Cadets get their first taste of Army life

| August 20, 2010 | 0 Comments

Story and Photo by
Pfc. Marcus Fichtl
8th Military Police Brigade Public Affairs, 8th Theater Sustainment Command

SCHOFIELD BARRACKS — Five cadets arrived to train and learn to lead from units of the 8th Military Police Brigade, 8th Theater Sustainment Command, during Cadet Troop Leadership Training, here, this month.

For the cadets who were top students in their leadership development course, which was a necessity to get a slot in Hawaii, this opportunity was their first taste of Army life.

“They told me at me at (Leadership Development and Assessment Course that) I need to work on my leadership and command presence,” said Cadet Dallas Critchfield, a senior at Eastern Kentucky University.

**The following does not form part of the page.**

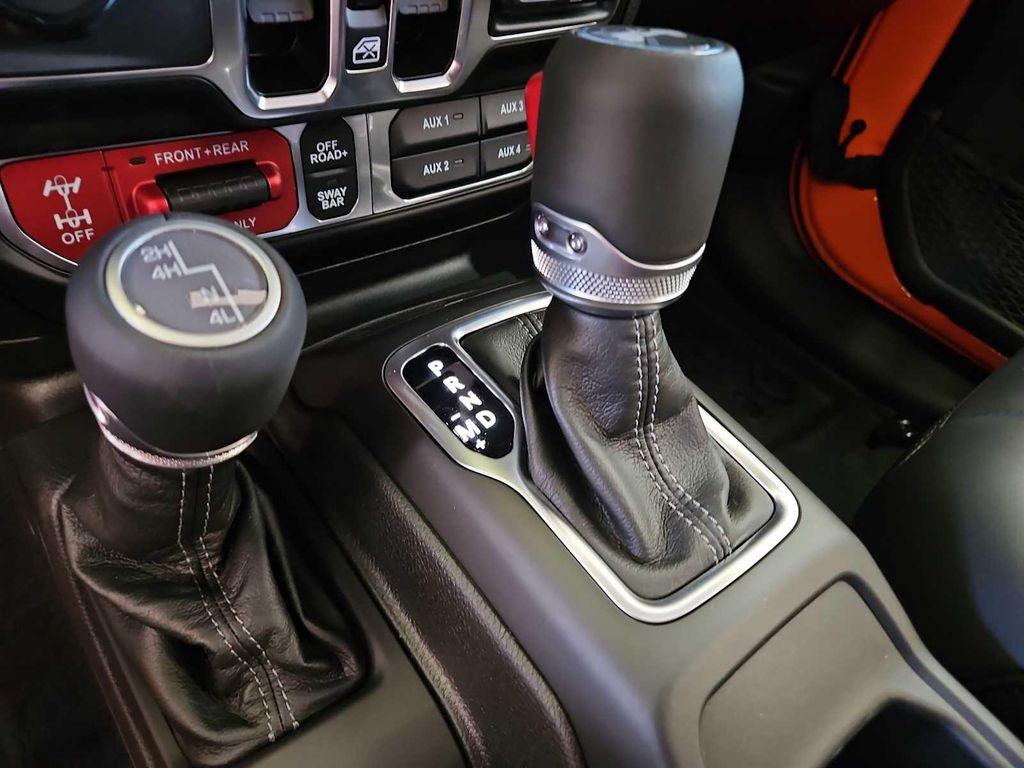 new 2025 Jeep Wrangler car, priced at $59,590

Not only was Critchfield, a forensic science major,  excited to directly focus on the areas he believes needs improvement, but also he was excited to work with units that directly correlate with his interests.

“I went from the stereotypical new guy asking a thousand questions to (being able to) lead, even if it was just (physical training),” Critchfield said, adding that the experience of interacting with Soldiers was a valuable one. 

Capt. LeRhonda Washington, commander, 71st Chemical Company, 8th MP Bde., described his transformation in a word: “awesome.” 

The cadets universally agreed they were going to learn as much from Hawaii Soldiers as possible during their time here.

“I want to be working with my peers from small tasks to large tasks, and observe and learn as much as I can,” said Cadet Sean Laughlin, a Florida Institute of Technology graduate student.

Cadet Nathan Brock, a senior at the University of Cincinnati, was assigned to follow Chaplain (Capt.) Randy Curry, 728th MP Battalion, 8th MP Bde., as the first CTLT chaplain cadet here, in 23 years.

But this chaplain recruit had a twist. 

“I was originally thinking about getting an exemption, going to seminary and going immediately to the Chaplin Corps,” Brock said, “but one of the lieutenant leaders at LDAC (told) me that I needed to be (with) the troops and help Soldiers as a peer, rather than immediately going into the chaplaincy and preaching from above.”

As the cadets set about returning to their colleges, to graduate and join the ranks of their fellow Soldiers who guided them and mentored them, one of the cadets had a simple message for other cadets participating in CTLT.

“Listen and learn what the Soldiers have to teach,” Laughlin said. “And, if you’re coming to Hawaii, bring an extra set of civilian clothes.”